To examine a causal model of health status among older people with knee osteoarthritis. A cross-sectional, correlational design was used with a convenience sample of 220 older Thai people with knee osteoarthritis (mean age 68.96 years; SD = 6.22). Participants were asked to complete a demographic questionnaire, the Pain Catastrophizing Scale, the Tampa Scale of Kinesiophobia, The Medical Outcomes Study Social Support Survey, and the Arthritis Impact Measurement Scales 2-Short Form. Structural Equation Model was used to examine a hypothesized model. Using Chi-square, hypothesized model was statistically nonsignificant.

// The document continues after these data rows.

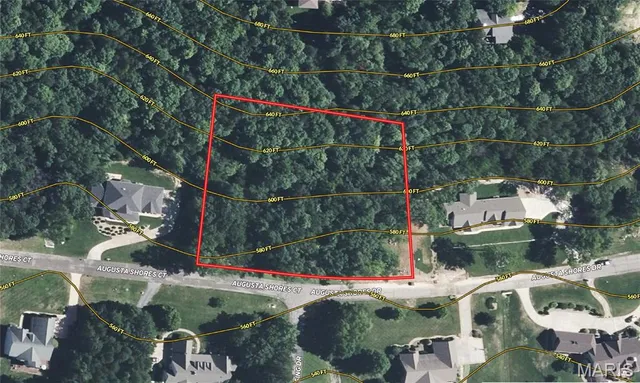 $99,900 | 4501 Augusta Shores Court, Augusta, MO 63332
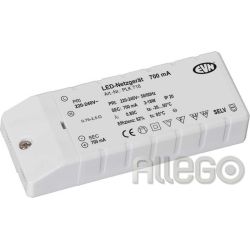EVN LED-Netzgerät 700mA 1,5-18 Watt PLK 718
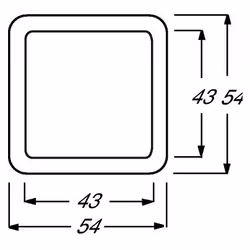 Busch-Jaeger 2562-214 Blanc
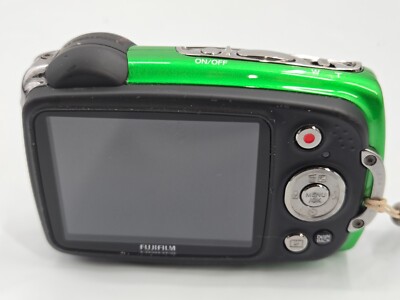 Fujifilm FinePix XP31 14MP Green Digital Camera Waterproof No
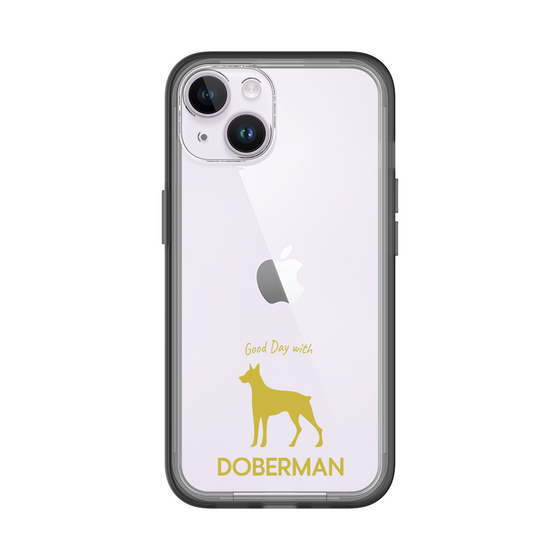 Slim Protection Premium Case［ &UCHINOCO - Doberman ］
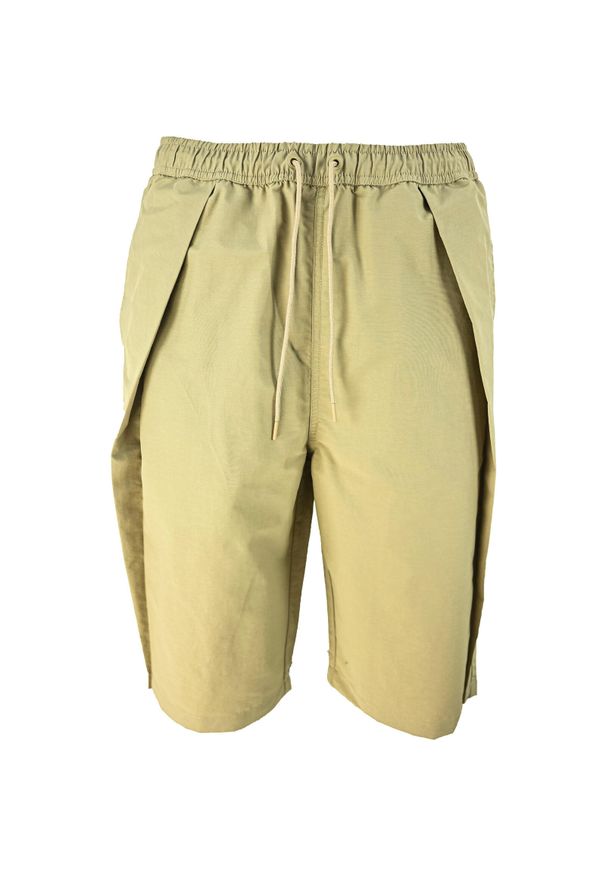 Spodenki Converse Shapes Triangle. Kolor: beżowy. Materiał: materiał, nylon. Sport: turystyka piesza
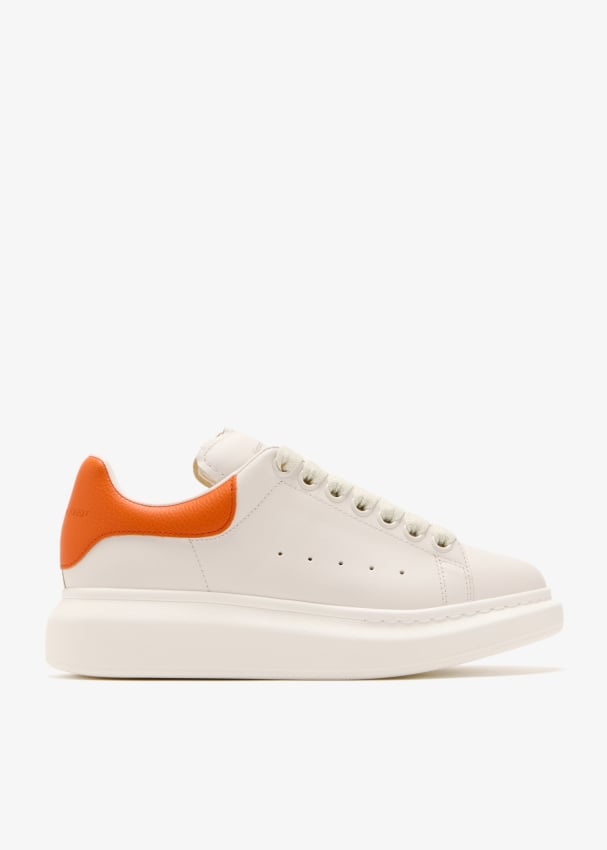 Alexander mcqueen orange shoes new arrivals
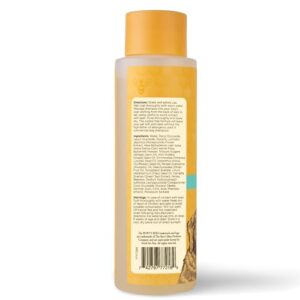 Burt's Bees for Pets Itch Soothing Dog Shampoo with Honeysuckle and Aloe Vera - Cruelty Free, Fragrance Free Dog Anti Itch Shampoo for Sensitive Skin, Dry Skin Relief for Dogs, 16 Fl Oz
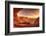 Evening light on False Kiva, Island in the Sky, Canyonlands National Park, Utah, USA-Russ Bishop-Framed Photographic Print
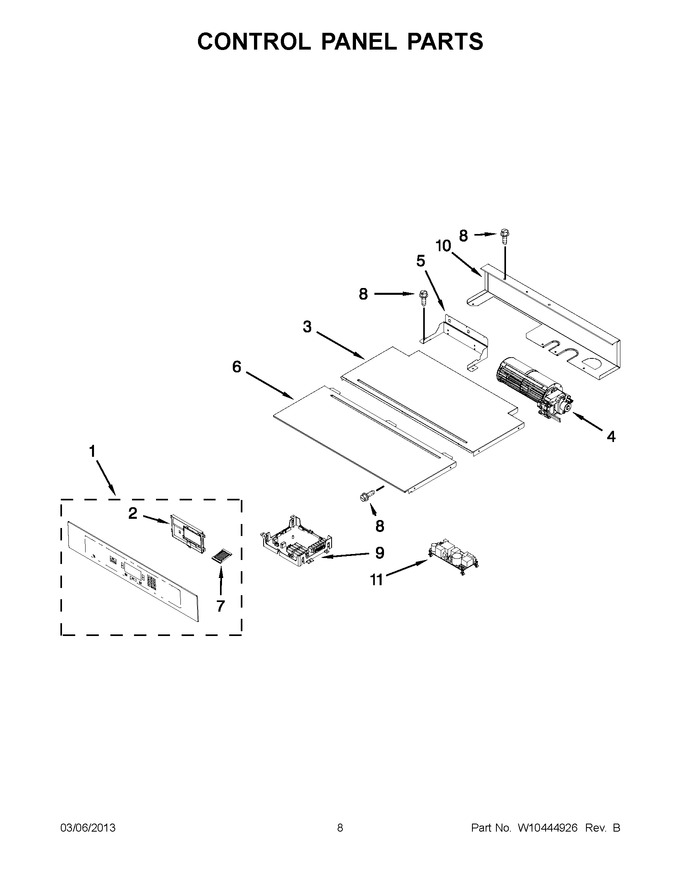 Diagram for JMW2427WS01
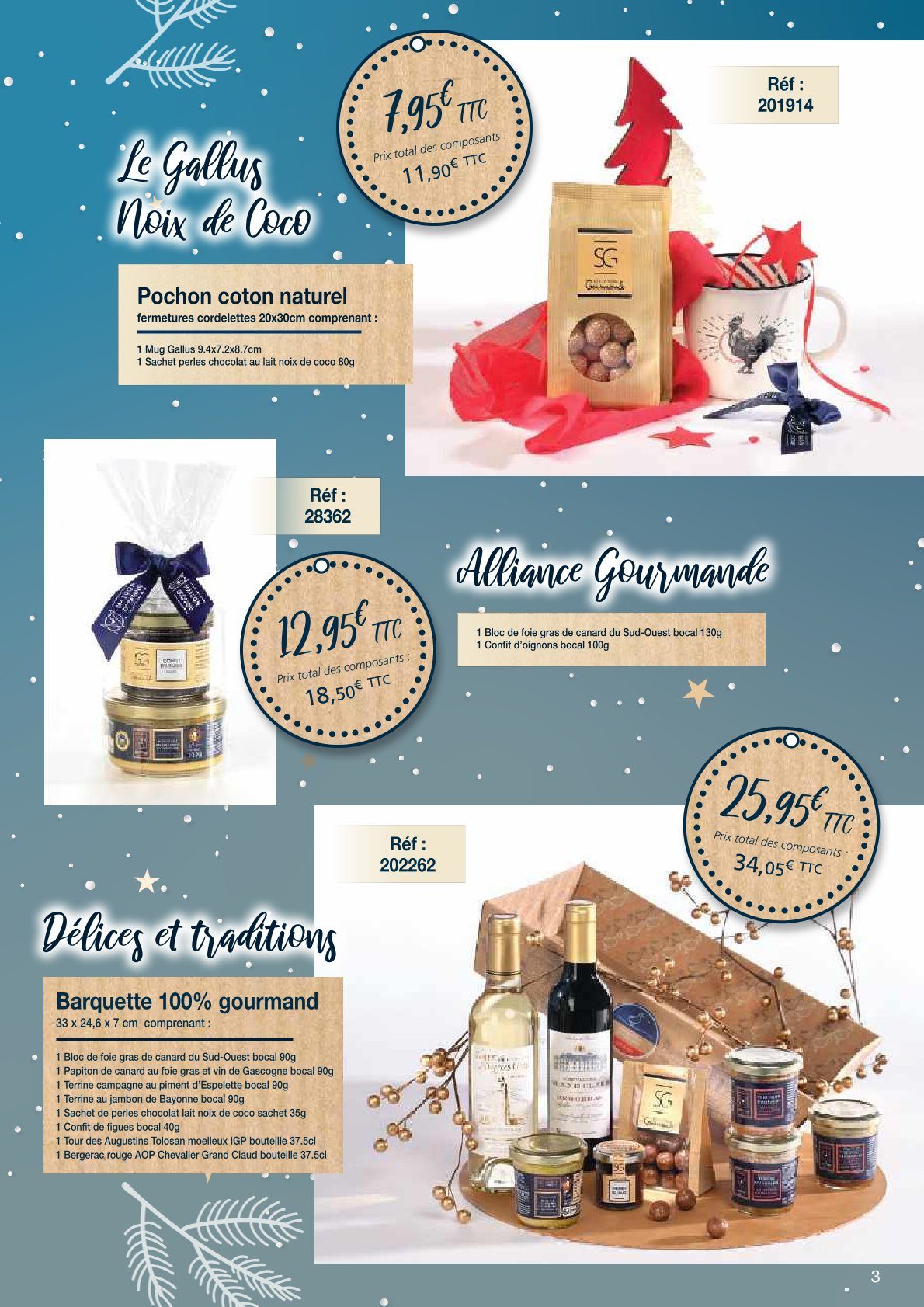 colis gastronomiques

A model of health status fitted with the empirical data and explained 19.2% of variance. Pain catastrophizing had negative direct effect on self-efficacy and health status. Pain catastrophizing also had negative indirect effect on health status through self-efficacy. Self-efficacy and social support had positive direct effects on health status. However, pain-related fear had no direct or indirect effect on health status. Lower level of pain catastrophizing can improve self-efficacy. Increasing of self-efficacy and social support can then lead to improvement on health status. This study highlighted the effect of psychosocial factors on health status. It is necessary to develop a program to minimize pain catastrophizing, improve social support, and promote self-efficacy to improve the health status of older people with knee osteoarthritis.